Chi aveva la fortuna di venire assunto in qualche testata, però, ben presto si rendeva conto che la sua vita, nella maggior parte dei casi, sarebbe trascorsa seduto a una scrivania, magari separata da un semplice tramezzo da quella del collega, un telefono a destra e uno a sinistra, lo schermo del computer davanti e quello che trasmette i lanci di agenzia dietro o in alto. Inviati speciali? Corrispondenti di guerra? Investigazioni, rischio, inchieste clamorose, comparsate ai talkshow? Sì, ma per alcuni. Talvolta i più bravi, più spesso i più spregiudicati, quasi sempre i più furbi e cinici. Ma è dal tran-tran delle redazioni che, per esempio, è sgorgato il successo mediatico e televisivo di un’astrofisica in pensione come Margherita Hack. Mancavano astrofisici in Italia? No. Allora, perché sempre lei? E, per giunta, intervistata su tutto, dai massimi sistemi filosofici e religiosi fino alla politica spicciola? La fretta. E la concitazione. Ecco: a) il redattore è al suo tavolo, ha due minuti per arricchire il suo pezzo sul meteorite caduto in testa a una capra nel brindisino; b) il giorno prima ha letto un commento della Hack sulla cometa di Halley; c) telefona alla Hack. Due giorni dopo, il Papa parla della razionalità della fede. Bisogna sentire uno scienziato. Chi? La Hack. E così via.

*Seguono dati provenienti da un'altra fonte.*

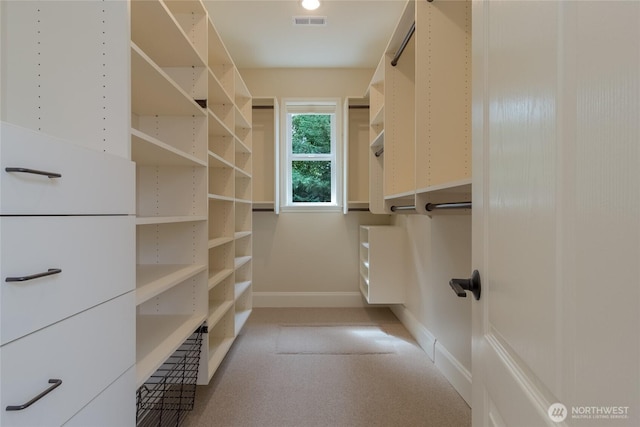 711 SE Pheasant Run, College Place, WA 99324 - spacious closet with carpet floors
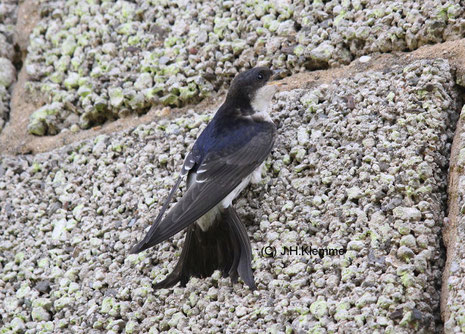 Mehlschwalbe (Delichon urbicum) Adulter Vogel [Juli]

Si potrebbe pensare che oggi questi automatismi redazionali siano venuti meno. Ma non è così. Anzi, se possibile è pure peggio. Il crollo verticale della carta stampata (dovuto sia a internet che alla crisi demografica, ma anche alla crisi economica che ha demolito la raccolta pubblicitaria) ha ridotto i ranghi del giornalismo, già ridotto di suo a casta ereditaria. Nel si salvi chi può ciascuno teme per la propria sedia e ciò aumenta la fretta e la concitazione. Speriamo che casi come la bufala dello slavo rapitore servano a far capire alla gente che, di fronte al «diritto all’informazione», esiste anche un diritto a non sapere quel che è inutile o superfluo, come diceva Solgenitsin. E non si è mai visto qualcosa di inutile o superfluo che non fosse anche dannoso. Voi direte: sì, ma anche voi della Nuova Bussola Quotidiana siete giornalisti. Vero, ma la gran carriera internazionale che abbiamo fatto si vede a occhio nudo.